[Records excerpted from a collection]
========
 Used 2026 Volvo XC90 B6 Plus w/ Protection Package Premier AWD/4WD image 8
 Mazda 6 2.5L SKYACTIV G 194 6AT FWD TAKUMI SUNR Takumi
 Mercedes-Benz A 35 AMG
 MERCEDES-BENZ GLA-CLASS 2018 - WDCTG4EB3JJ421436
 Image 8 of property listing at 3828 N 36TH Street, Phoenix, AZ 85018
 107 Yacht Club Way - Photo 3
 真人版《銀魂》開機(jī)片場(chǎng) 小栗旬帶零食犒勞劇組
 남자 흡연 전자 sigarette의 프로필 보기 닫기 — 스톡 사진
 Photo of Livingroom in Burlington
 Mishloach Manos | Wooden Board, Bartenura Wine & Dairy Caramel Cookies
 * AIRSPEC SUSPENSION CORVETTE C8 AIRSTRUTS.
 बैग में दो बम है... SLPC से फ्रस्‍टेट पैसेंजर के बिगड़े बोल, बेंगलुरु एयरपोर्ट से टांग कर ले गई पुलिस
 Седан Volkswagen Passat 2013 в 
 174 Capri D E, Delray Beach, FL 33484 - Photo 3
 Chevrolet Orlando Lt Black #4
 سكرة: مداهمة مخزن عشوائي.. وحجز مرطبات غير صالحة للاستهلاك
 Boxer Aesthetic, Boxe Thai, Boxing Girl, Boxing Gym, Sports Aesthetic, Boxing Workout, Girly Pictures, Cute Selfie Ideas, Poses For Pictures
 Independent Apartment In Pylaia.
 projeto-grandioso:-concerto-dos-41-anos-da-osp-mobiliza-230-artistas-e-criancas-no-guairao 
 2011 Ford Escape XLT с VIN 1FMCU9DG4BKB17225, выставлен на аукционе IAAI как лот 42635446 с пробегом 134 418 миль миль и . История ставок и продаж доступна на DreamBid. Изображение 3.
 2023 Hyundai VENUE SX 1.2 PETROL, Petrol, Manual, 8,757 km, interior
========
Your objective: Among the lines above, please find those with "Photo" and copy them.

Task result:
 107 Yacht Club Way - Photo 3
 Photo of Livingroom in Burlington
 174 Capri D E, Delray Beach, FL 33484 - Photo 3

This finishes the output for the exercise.